Pete Ward has written a book titled Liquid Church. Though I haven't read it, the metaphor fascinates me. It suggests a huge paradigm shift in our thinking about the church.
Traditionally, the church has been thought of in solid forms, with buildings being the most common. Have we missed, however, the foundational function of liquid in the formation and growth of the church?
Consider: "Truly, truly, I say to you, unless one is born of water and the Spirit, he cannot enter into the kingdom of God" - John 3:5.
"He who believes in me, as the Scriptures said, 'From his innermost being shall flow rivers of living water.' " - John 7:38.

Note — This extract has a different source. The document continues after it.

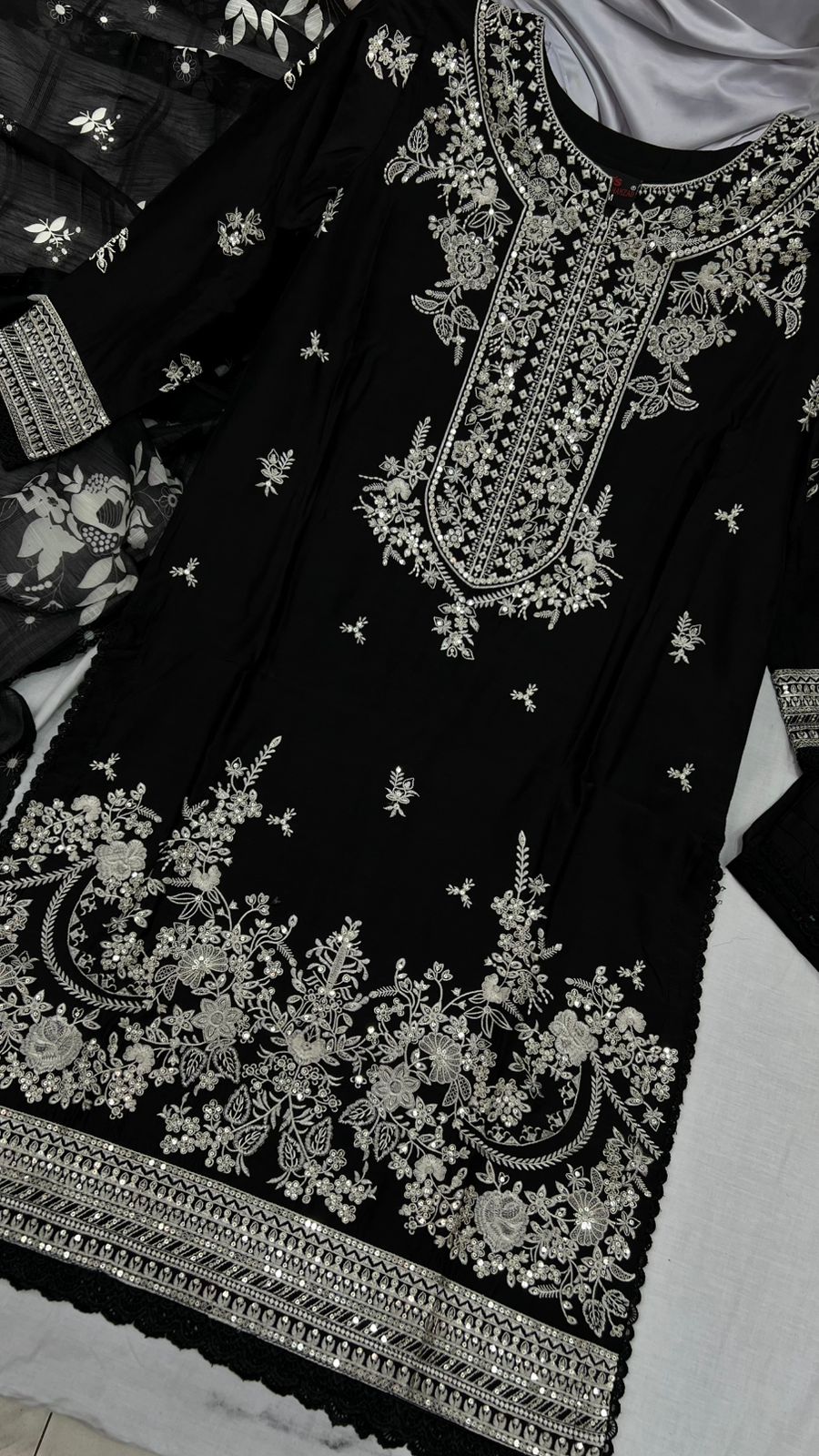 Winter Viscose Embroidered Suit | Heavy Embroidered Shirt with Digital Print Dupatta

These two statements of Jesus are just a tiny example of the many, many references in Scripture using water as a metaphor for the life and activity of God's people. By not recognizing the fluidity that God apparently intends his church to function in, have we locked ourselves into such a static and solid form that is so rigid that the smallest of movements causes a shaking and breaking?
Water, on the other hand, is free flowing, able to go around, over, under and through obstacles that confront it. Able to seep through the tightest cracks and smallest of openings, water can begin to saturate and fill up the most unlikely places. Not only is it a source of power, but most importantly, it provides life wherever it goes.
So much is being written today about church structure, recognizing that what is currently in existence is not working. Could our problem be that we're thinking solid structures, not liquid structures? Unlike the solid structured church, the church that is a liquid structure is free to flow with the wind-like movement of the Holy Spirit.
While I'm not suggesting that the church is the water spoken of by Jesus in the above mentioned Scriptures, I am suggesting that the time has arrived to make a radical change from solid to liquid structure for the church.